Ivory Cutlery is a 50-minute visual, musical storytelling experience which is inspired by and based around the songs of Scottish artist Ivor Cutler. Born in Govan over a century ago, Cutler spent his life exploring child-like curiosity and whimsical fun. His songs are a mix of glee, wonder, melodrama and pathos, and Waddell brings them to life in this performance through a mix of BSL, movement, props, dance, and renditions of classics such as I Believe in Bugs and Women of the World.
It’s clear right from the start of this piece that Waddell has, in many ways, has created a duo performance. Ivory Cutlery’s onstage interpreter, Amy Cheskin, has a background in British Sign Language Performance Interpreting and over a decade of experience in bringing integrated performance practice to Scottish stages, and the ways she and Waddell switch between BSL and English, share signs between one another and playfully explore the worlds of these songs through movement is a joy to witness. Why Don’t A Woman Love A Woman’s actions in particular are incredibly well woven into the choreography of the piece, Cheskin and Waddell using BSL to act out the song’s storyline to great effect.
Waddell’s facial expressions are ones of open, engaged curiosity throughout as she invites us to engage in a surrealist world of silly fun and imaginative creativity. One moment she’s dancing in a chicken hat; the next the audience are being invited to pet a giant soft toy fly. There are plenty of props to keep us engaged, and occasionally ducking in our seats – there is a row of mini doughnuts tied to a string and swung throughout the audience at one point in the show, and plastic balls thrown in our direction during another – but it is Evie Waddell’s skills as a dancer and singer which keep our full attention, no additional gags needed.
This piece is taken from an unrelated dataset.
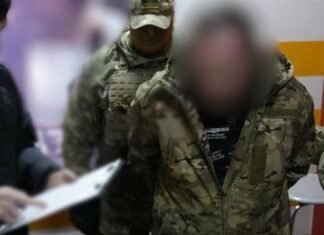 «Заплати — и уедешь»: в Одесской области разоблачили военного на схеме уклонения от мобилизации, — ФОТО, ВИДЕО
Audience participation is also invited at several points during the show, with Waddell and Cheskin’s bilingual version of Women of The World proving truly moving as everyone begins joining in the looping refrain in both BSL and English, the room full of flowing movement and communal song.
Waddell’s choreography is full of assured fluidity and skilful grace – There’s A Hole In My Toe is a particular highlight – and those skills help elevate these short humorous songs into another art form altogether, with elements of clowning and improvisatory dance ensuring Ivory Cutlery is a surrealist triumph.
Ivor Cutler liked to end his songs abruptly, and Waddell takes this habit and integrates it into her own performance of his work. One song ends with the grandly confounding line, “I can see Australia!” Others just clatter to a stop, Waddell mischievously waiting for the audience to realise she really is finished. These sudden ends and brief fragments of melody – Cutler’s songs are very short – generally work well, but with so many back-to-back ‘mini’ songs it would be a welcome development to the show if Waddell explored ways of joining up some of Cutler’s catalogue into a longer piece, the audience then able to settle into this work a little more rather than feeling the same ‘stop/start’ energy throughout.
That aside, this is a successfully anarchic, fun and truly unusual show, and it showcases the many creative possibilities of bilingual theatre. I can’t wait to see where it goes next.
Recommended Drink: Something brightly coloured, fizzy, and delightfully nonsensical.
Performances of Evie Waddell: Ivory Cutlery have now concluded at Edinburgh Deaf Festival.